▶ **What is required**
Every line below from the one containing "Front view of" to the final line must be reproduced exactly, and no other line may appear in the answer.

▶ **Available records**
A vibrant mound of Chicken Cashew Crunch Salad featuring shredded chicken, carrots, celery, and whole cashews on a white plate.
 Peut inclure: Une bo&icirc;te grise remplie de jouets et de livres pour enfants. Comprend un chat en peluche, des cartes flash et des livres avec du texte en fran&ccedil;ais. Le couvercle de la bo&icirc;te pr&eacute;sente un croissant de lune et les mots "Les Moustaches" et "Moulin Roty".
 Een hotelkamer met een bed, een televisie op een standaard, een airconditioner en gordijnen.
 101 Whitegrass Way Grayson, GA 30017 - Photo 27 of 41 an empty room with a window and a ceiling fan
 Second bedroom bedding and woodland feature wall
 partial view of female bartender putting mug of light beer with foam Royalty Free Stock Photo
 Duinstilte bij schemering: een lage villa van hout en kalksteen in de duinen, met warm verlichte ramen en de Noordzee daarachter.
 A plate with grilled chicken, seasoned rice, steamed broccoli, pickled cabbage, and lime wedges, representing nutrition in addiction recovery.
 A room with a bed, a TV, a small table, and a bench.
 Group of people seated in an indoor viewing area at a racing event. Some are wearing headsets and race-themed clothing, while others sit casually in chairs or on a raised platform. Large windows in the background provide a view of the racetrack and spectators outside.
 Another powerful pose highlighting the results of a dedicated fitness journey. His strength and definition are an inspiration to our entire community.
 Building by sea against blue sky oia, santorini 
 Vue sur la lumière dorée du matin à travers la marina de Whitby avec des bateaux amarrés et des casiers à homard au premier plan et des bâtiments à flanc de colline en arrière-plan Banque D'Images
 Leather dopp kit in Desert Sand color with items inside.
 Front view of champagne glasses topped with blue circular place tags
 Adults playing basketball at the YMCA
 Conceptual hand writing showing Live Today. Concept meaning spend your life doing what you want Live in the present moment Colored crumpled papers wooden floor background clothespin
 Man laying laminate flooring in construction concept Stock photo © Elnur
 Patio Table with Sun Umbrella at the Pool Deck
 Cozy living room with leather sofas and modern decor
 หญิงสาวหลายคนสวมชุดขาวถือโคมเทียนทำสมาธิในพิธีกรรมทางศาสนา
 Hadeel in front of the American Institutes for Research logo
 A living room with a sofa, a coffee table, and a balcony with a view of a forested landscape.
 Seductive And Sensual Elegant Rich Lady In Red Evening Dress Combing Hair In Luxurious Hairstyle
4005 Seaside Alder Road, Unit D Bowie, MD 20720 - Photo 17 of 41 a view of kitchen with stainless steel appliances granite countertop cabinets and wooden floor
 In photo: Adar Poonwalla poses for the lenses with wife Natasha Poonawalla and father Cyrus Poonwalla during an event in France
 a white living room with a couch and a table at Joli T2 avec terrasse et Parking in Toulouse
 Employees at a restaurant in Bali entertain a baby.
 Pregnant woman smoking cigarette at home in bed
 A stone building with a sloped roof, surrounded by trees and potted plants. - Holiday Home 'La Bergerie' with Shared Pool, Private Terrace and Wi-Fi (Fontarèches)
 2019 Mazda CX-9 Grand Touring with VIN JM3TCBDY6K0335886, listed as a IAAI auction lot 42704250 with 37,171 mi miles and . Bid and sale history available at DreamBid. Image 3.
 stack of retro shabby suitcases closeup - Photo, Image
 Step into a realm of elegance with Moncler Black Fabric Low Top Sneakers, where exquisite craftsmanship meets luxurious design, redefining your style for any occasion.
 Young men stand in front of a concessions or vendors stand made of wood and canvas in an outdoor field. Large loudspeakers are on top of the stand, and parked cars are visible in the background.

▶ **Written answer**
 Front view of champagne glasses topped with blue circular place tags
 Adults playing basketball at the YMCA
 Conceptual hand writing showing Live Today. Concept meaning spend your life doing what you want Live in the present moment Colored crumpled papers wooden floor background clothespin
 Man laying laminate flooring in construction concept Stock photo © Elnur
 Patio Table with Sun Umbrella at the Pool Deck
 Cozy living room with leather sofas and modern decor
 หญิงสาวหลายคนสวมชุดขาวถือโคมเทียนทำสมาธิในพิธีกรรมทางศาสนา
 Hadeel in front of the American Institutes for Research logo
 A living room with a sofa, a coffee table, and a balcony with a view of a forested landscape.
 Seductive And Sensual Elegant Rich Lady In Red Evening Dress Combing Hair In Luxurious Hairstyle
4005 Seaside Alder Road, Unit D Bowie, MD 20720 - Photo 17 of 41 a view of kitchen with stainless steel appliances granite countertop cabinets and wooden floor
 In photo: Adar Poonwalla poses for the lenses with wife Natasha Poonawalla and father Cyrus Poonwalla during an event in France
 a white living room with a couch and a table at Joli T2 avec terrasse et Parking in Toulouse
 Employees at a restaurant in Bali entertain a baby.
 Pregnant woman smoking cigarette at home in bed
 A stone building with a sloped roof, surrounded by trees and potted plants. - Holiday Home 'La Bergerie' with Shared Pool, Private Terrace and Wi-Fi (Fontarèches)
 2019 Mazda CX-9 Grand Touring with VIN JM3TCBDY6K0335886, listed as a IAAI auction lot 42704250 with 37,171 mi miles and . Bid and sale history available at DreamBid. Image 3.
 stack of retro shabby suitcases closeup - Photo, Image
 Step into a realm of elegance with Moncler Black Fabric Low Top Sneakers, where exquisite craftsmanship meets luxurious design, redefining your style for any occasion.
 Young men stand in front of a concessions or vendors stand made of wood and canvas in an outdoor field. Large loudspeakers are on top of the stand, and parked cars are visible in the background.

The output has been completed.